The woman who sits on the stoop out front of our building is tired. Her body is tired, it doesn't even sit up straight. Her voice is tired; it strains to form sentences. Her soul is tired, she leans away from connections.
My neighbor sounds irritable when I greet her and after a few encounters, I found myself judging her and beginning to dislike her. I changed my perspective, perhaps the only thing we really own, and viewed her fatigue, her anguish, and my compassion took root. I found myself wondering what this woman had lived through, gone through, to be so very tired.
Our buildings are tired, here at this co-op. They are in need of care that not one of us alone seems to be able to give. But when you get past the tiredness and the protectiveness, there is a vitality, a connection to each other. I needed help last night with a problem, a BIG problem, and one of the other cooperators, as we are called, rushed to assist despite the exhausting heat.
There is a community here, underneath the sagging exterior.

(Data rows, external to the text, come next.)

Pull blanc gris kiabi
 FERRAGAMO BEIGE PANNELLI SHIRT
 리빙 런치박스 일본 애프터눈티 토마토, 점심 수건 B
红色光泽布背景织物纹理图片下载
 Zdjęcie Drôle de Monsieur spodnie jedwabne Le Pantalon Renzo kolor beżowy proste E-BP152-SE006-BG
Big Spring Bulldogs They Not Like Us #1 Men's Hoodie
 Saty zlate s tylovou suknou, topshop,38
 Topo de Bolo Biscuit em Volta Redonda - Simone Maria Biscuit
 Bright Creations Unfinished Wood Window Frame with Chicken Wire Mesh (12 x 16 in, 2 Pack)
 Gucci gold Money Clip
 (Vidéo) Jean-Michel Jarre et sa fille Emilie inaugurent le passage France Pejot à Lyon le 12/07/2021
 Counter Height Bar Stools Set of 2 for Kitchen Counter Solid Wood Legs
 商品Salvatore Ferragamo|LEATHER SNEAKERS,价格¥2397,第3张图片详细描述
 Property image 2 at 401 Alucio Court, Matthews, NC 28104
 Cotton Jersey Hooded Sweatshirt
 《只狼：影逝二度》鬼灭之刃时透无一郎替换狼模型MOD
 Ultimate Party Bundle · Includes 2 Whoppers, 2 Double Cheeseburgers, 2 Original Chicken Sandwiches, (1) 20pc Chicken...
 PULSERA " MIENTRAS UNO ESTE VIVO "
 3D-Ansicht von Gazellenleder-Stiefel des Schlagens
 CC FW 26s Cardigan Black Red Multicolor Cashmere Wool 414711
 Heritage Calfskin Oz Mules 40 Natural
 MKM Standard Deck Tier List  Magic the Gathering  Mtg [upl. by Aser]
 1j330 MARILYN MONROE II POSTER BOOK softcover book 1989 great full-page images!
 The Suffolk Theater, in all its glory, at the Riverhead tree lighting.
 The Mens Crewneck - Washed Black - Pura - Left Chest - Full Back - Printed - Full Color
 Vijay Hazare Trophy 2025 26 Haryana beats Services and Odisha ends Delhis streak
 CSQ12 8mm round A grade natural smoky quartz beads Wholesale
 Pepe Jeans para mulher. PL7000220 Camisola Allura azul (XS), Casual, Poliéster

And I am thankful. More importantly, my perspective has shifted. I am getting skilled at owning my view, my interpretations. It is the only thing I have, really. So I look behind the peeling paint and I see the history of centuries. These buildings we call home are CENTURIES old. Sure, they sag and wrinkle, they lean when they should stand upright. But, I see history here, people living together, different races, religions, ethnicities have lived here long before "desegregation" was even a word.
So, I walk slowly at night, following a long day at work, and I will continue to stop to talk to my tired neighbor. A bond will form, sure it will. It's all in our perspective. And, that is wide open.